Doctoral Dissertations

Date of Award

5-2007

Degree Type

Dissertation

Degree Name

Doctor of Philosophy

Major

Philosophy

Major Professor

Richard E. Aquila

Committee Members

Sheldon M. Cohen, Kathleen E. Bohstedt, Thomas E. Burman

Abstract

This dissertation analyzes the doctrine of mind-body identity in Baruch Spinoza to discover if there is something in his metaphysical doctrine that is analogous to the way that Thomas Aquinas views the nature of the relationship between mind and body in human beings. The argument put forth in this work is that Aquinas’s hylomorphism, in which the human soul is the form of the human person, both bodily and mentally, is echoed in Spinoza’s doctrine of the conatus. No dependence upon Aquinas is implied in this comparative study, but merely the argument that the ways that Spinoza and Aquinas conceive of the mind-body relationship specifically, and human existence more broadly, have some very interesting parallels that have not been observed sufficiently by other interpretation of their work. Furthermore, it is a part of the purpose of this dissertation to suggest that the ways that Spinoza and Aquinas analyze the nature of human existence in the universe, especially organic existence, can provide helpful insights that could enrich contemporary philosophy as it tries to work, in conjunction with modern science, to understand the way that mind and body are present in human beings.

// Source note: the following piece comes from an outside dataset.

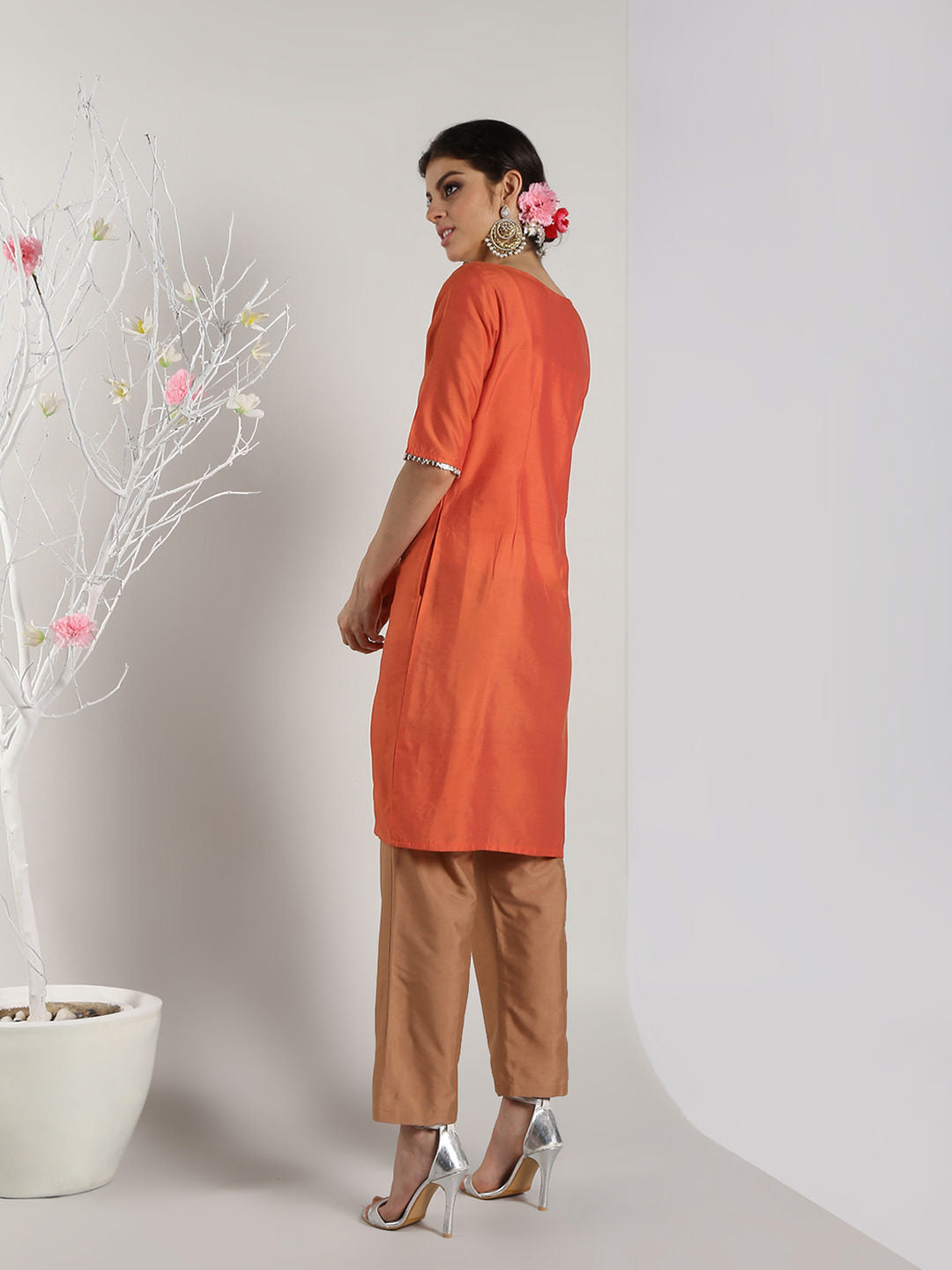 Abhishti Cotton Silk Abstract Lace Panelled Kurta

The study is divided into six chapters which provide the following steps in the argument. The first chapter introduces the problems related to the subject of mind and body in both Spinoza and Aquinas, establishing the parameters of the research. Chapter two looks at the Aristotelian background of hylomorphism and argues that it is still a philosophically respectable theory. Aquinas’s further development of the doctrine of hylomorphism beyond Aristotle’s own foundational theory is the focus of the third chapter. Chapter four turns to Aquinas’s discussion of the nature of mind and body identity. The next chapter deals substantively with Spinoza’s doctrine and in a preliminary way points to the affinity he has with Aquinas’s doctrine. Chapter six points explicitly to their similarities and shows how each of them argued for the immortality of the human “soul.” In this chapter, suggestions are made as to how Spinoza and Aquinas can be dialogue partners in contemporary philosophy of mind.